Der Verbraucherschutzminister erläutert im INFOradio rbb, warum er nunmehr für ein gesetzliches Rauchverbot ist.
Zusammenfassung des Interviews:
Zwölfzweiundzwanzig, 09.09.2006, 12:22 Uhr
Rauchen und Gammelfleisch gefährdet Ihre Gesundheit
Zu Gast bei Ingo Kahle:
Horst Seehofer CSU, Bundesminister für Ernährung, Landwirtschaft und Verbraucherschutz.
Gast von der Presse: Andreas Hoffmann Süddeutsche Zeitung
Im Mittelpunkt der Sendung steht der neue „Gammelfleisch“-Skandal. Horst Seehofer übt erneut deutliche Kritik an der Praxis der Lebensmittelkontrollen, wie sie gegenwärtig in den Ländern, er nennt insbesondere Bayern, festzustellen ist. Er spricht sich gegen schärfere Strafen aus, weil der Strafrahmen bislang meist nicht ausgeschöpft werde. Dies bezieht sich auch auf die Höhe von Bußgeldern. Seehofer weist erneut den Verdacht zurück, er habe eine Bundesbehörde für die Lebensmittelkontrolle gefordert.
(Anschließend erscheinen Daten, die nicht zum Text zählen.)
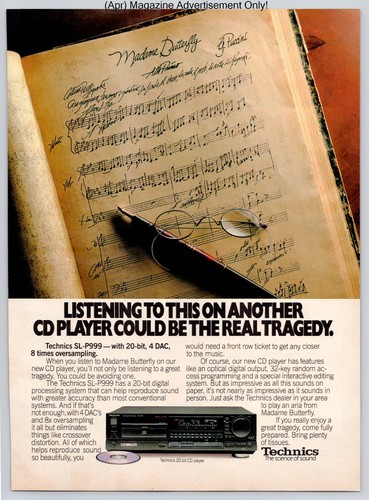 Technics p999 lettore - sl,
Zufrieden zeigt er sich mit dem Ergebnis der Verbraucherministerkonferenz in dieser Woche. Nunmehr sei klar, dass der Bundesrat das Verbraucherinformationsgesetz, das der Bundestag bereits verabschiedet hat, am 22. September ebenfalls beschließen werde. Entgegen der insbesondere von Verbraucherverbänden daran geübten Kritik gebe dieses Gesetz den Behörden weit reichende Möglichkeiten, im Zusammenhang mit Lebensmittelkontrollen die Namen von Firmen zu nennen. Die Behörden müssten nun aber auch den Mut haben, dieses Gesetz auch anzuwenden.
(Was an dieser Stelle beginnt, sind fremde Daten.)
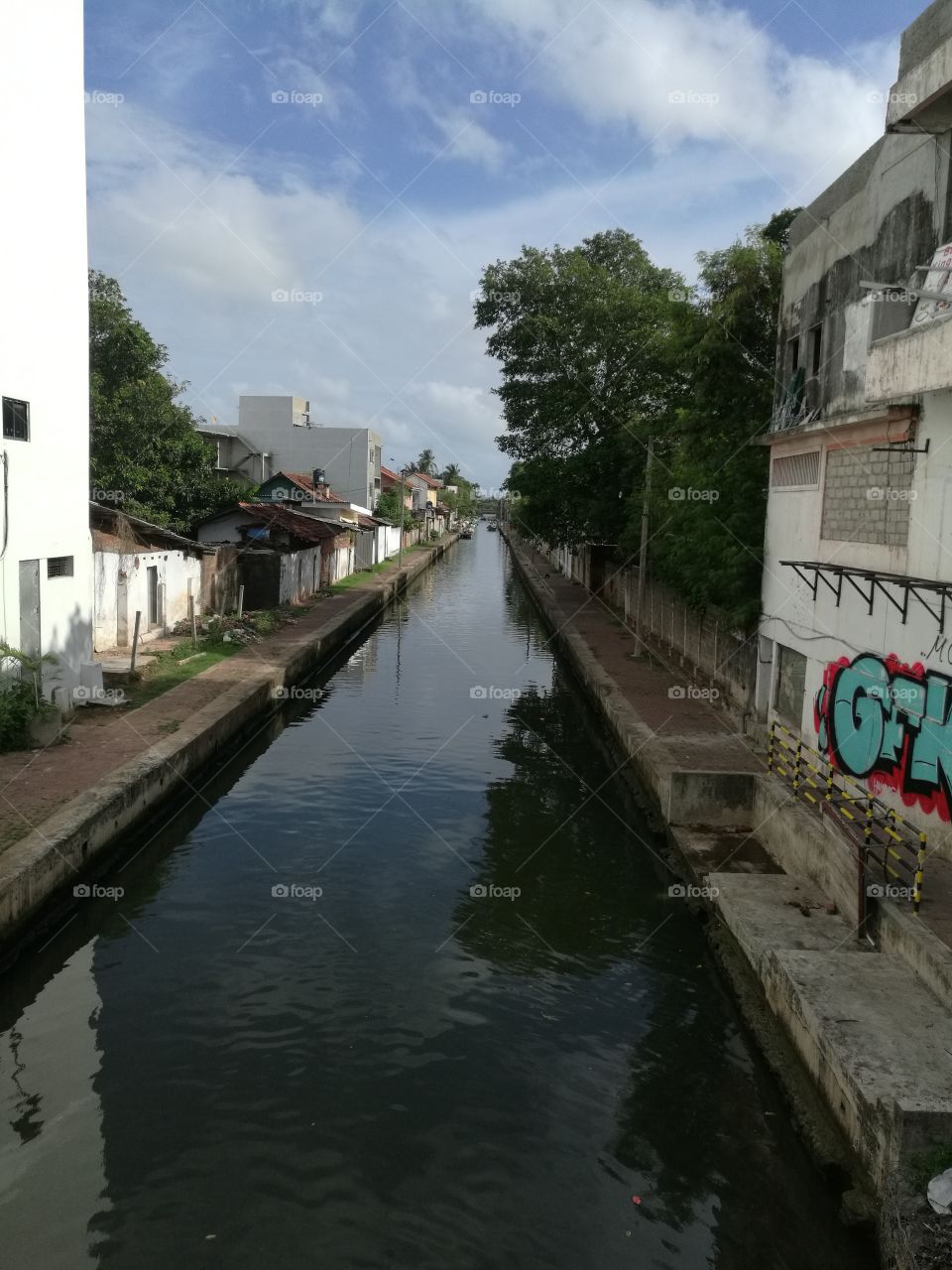 hamilton canal negombo, sri lanka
Die letzten ca. acht Minuten der Sendung sind dem Thema Rauchen gewidmet. Der Leiter des Deutschen Büros der „Weltgesundheitsorganisation WHO, Michal Krzyzanowski, schrieb dazu in der Frankfurter Allgemeinen Sonntagszeitung (20.08.2006): „Vor kurzem hat in Gestalt von Verbraucherminister Horst Seehofer erstmals ein Mitglied der Bundesregierung ein gesetzliches vollständiges Rauchverbot in Restaurants gefordert. Dies ist eine bedeutende Wende.“
Auf die Frage, wie es zu dieser Wende kam, erklärt Seehofer, dass er als Gesundheitsminister in den neunziger Jahren eine Rede zu dem Thema gehalten habe, in der er für „Vorfahrt für die Eigenverantwortung“ plädiert habe. Diese Vorfahrt für die Eigenverantwortung habe aber nicht funktioniert. „Da hat sich viel positiv entwickelt. Aber einen Durchbruch im eigentlichen Sinne haben wir nicht geschafft.“ Ihm gehe es zwar nicht um die Beurteilung von Lebensstilen, „die Leute sollen im Rahmen der Gesetze leben wie sie wollen.“ Es gehe ihm um den Schutz der Nichtraucher. „Es ist ja das Mindeste, was man verlangen darf, dass dort, wo Menschen sich aufhalten müssen, in öffentlichen Räumen – problematisch ist noch die Frage der Gaststätten – dass man dort eben ein Rauchverbot macht, damit Nichtraucher geschützt werden. Ich glaube es gibt nicht nur ein Freiheitsrecht des Rauchers sondern auch ein Freiheitsrecht des Nichtrauchers. Und in einem Krankenhaus, in einem Kindergarten, in einem Altenheim muss niemand rauchen.“
Auf die Frage, warum er diesen Vorstoß gemacht habe, wo doch für Gesundheit Ulla Schmidt und für die Gaststättenverordnung Michael Glos zuständig sei, die sich nicht so weit vorgewagt haben wir er, antwortete Seehofer: „Weil ich die Frage, die man so gerne im preußischen Beamtentum stellt – ’sind Sie sachlich und örtlich zuständig?‘ in der Politik überhaupt nicht leiden kann. Ich bin Verbraucherschutzminister. Ich bin ein leibhaftiges Lebewesen.“ Die Frage – sind Sie jetzt auch sachlich zuständig, gehört das zu Ihrem Ressort? – habe er ohnehin nie verstanden. Das Thema Rauchen habe „schon eine Verwandtschaft mit Verbraucherschutzfragen. Das kann man nicht ernsthaft bestreiten. Für Teilbereiche des Tabaks bin ich auch zuständig, zum Beispiel für die Tabak-Werberichtlinie. Man kann ja auch einmal etwas politisch befördern ohne im engeren Sinne verfassungsrechtlich dafür zuständig zu sein“, so Seehofer.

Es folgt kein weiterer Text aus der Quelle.